I have implemented FlinkKafkaConsumer
to consume messages from a kafka-topic. The only custom setting other than "group" and "topic" is (ConsumerConfig.AUTO_OFFSET_RESET_CONFIG, "earliest")
to enable re-reading the same messages several times. It works out of the box for consuming and logic.
Now FlinkKafkaConsumer
is deprecated, and I wanted to update to its successor KafkaSource
.
Initializing KafkaSource
with the same parameters as I do FlinkKafkaConsumer
produces a read of the topic as expected, i can verify this by printing the stream. De-serialization and timestamps seem to work fine. However execution of windows is not done, and as such no results are produced.
I assume some default setting(s) in KafkaSource
are different from that of FlinkKafkaConsumer
, but I have no idea what they might be.
KafkaSource<TestData> source = KafkaSource.<TestData>builder()
.setBootstrapServers(propertiesForKafka.getProperty("bootstrap.servers"))
.setTopics(TOPIC)
.setDeserializer(new CustomDeserializer())
.setGroupId(GROUP_ID)
.setStartingOffsets(OffsetsInitializer.earliest())
.build();
DataStream<TestData> testDataStreamSource = env.fromSource(
source,
WatermarkStrategy. <
TestData > noWatermarks(),
"Kafka Source"
);
(Properties contains group.id
,bootstrap.servers
and zookeeper.connect
)
propertiesForKafka.setProperty(ConsumerConfig.AUTO_OFFSET_RESET_CONFIG, "earliest");
FlinkKafkaConsumer<TestData> flinkKafkaConsumer = new FlinkKafkaConsumer(TOPIC, new CustomDeserializer(), propertiesForKafka);
DataStreamSource<TestData> testDataStreamSource = env.addSource(flinkKafkaConsumer)

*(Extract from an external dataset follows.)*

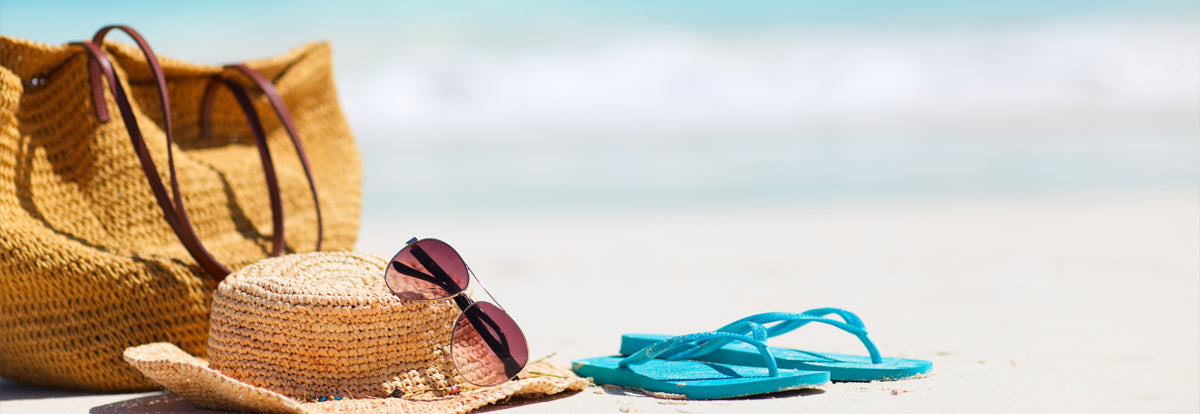 Beach Bag Check: The Ultimate Non-Toxic Beach Bag Checklist for Summer 2026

Both streams use the same pipeline that looks like this
testDataStreamSource
.assignTimestampsAndWatermarks(WatermarkStrategy.<TestData>forMonotonousTimestamps().withTimestampAssigner((event, timestamp) - > event.getTimestamp()))
.keyBy(TestData::getKey)
.window(SlidingEventTimeWindows.of(Time.hours(3), Time.hours(1)))

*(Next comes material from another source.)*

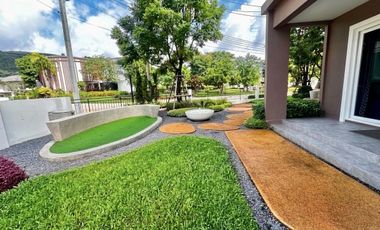 Casa en alquiler de 4 habitaciones en Mueang Phuket, Phuket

.process(new ProcessWindowFunction<TestData, TestDataOutput, String, TimeWindow>() {
@Override
public void process(
....
});
Things tried
Update: The answer is that the KafkaSource behaves differently than FlinkKafkaConsumer in the case where the number of Kafka partitions is smaller than the parallelism of Flink's kafka source operator. See https://stackoverflow.com/a/70101290/2000823 for details.
Original answer:
The problem is almost certainly something related to the timestamps and watermarks.

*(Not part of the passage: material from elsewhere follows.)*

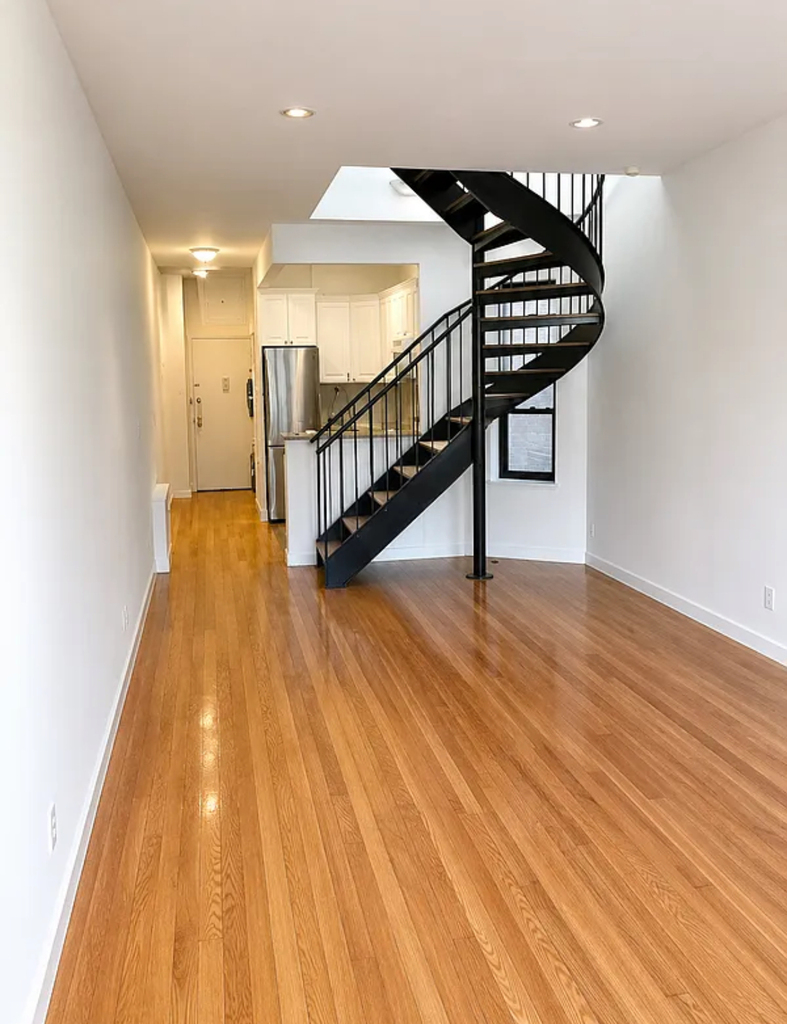 East 90tth Street - Photo 1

To verify that timestamps and watermarks are the problem, you could do a quick experiment where you replace the 3-hour-long event time sliding windows with short processing time tumbling windows.
In general it is preferred (but not required) to have the KafkaSource do the watermarking. Using forMonotonousTimestamps
in a watermark generator applied after the source, as you are doing now, is a risky move. This will only work correctly if the timestamps in all of the partitions being consumed by each parallel instance of the source are processed in order. If more than one Kafka partition is assigned to any of the KafkaSource tasks, this isn't going to happen. On the other hand, if you supply the forMonotonousTimestamps
watermarking strategy in the fromSource call (rather than noWatermarks
), then all that will be required is that the timestamps be in order on a per-partition basis, which I imagine is the case.
As troubling as that is, it's probably not enough to explain why the windows don't produce any results. Another possible root cause is that the test data set doesn't include any events with timestamps after the first window, so that window never closes.
Do you have a sink? If not, that would explain things.
You can use the Flink dashboard to help debug this. Look to see if the watermarks are advancing in the window tasks. Turn on checkpointing, and then look to see how much state the window task has -- it should have some non-zero amount of state.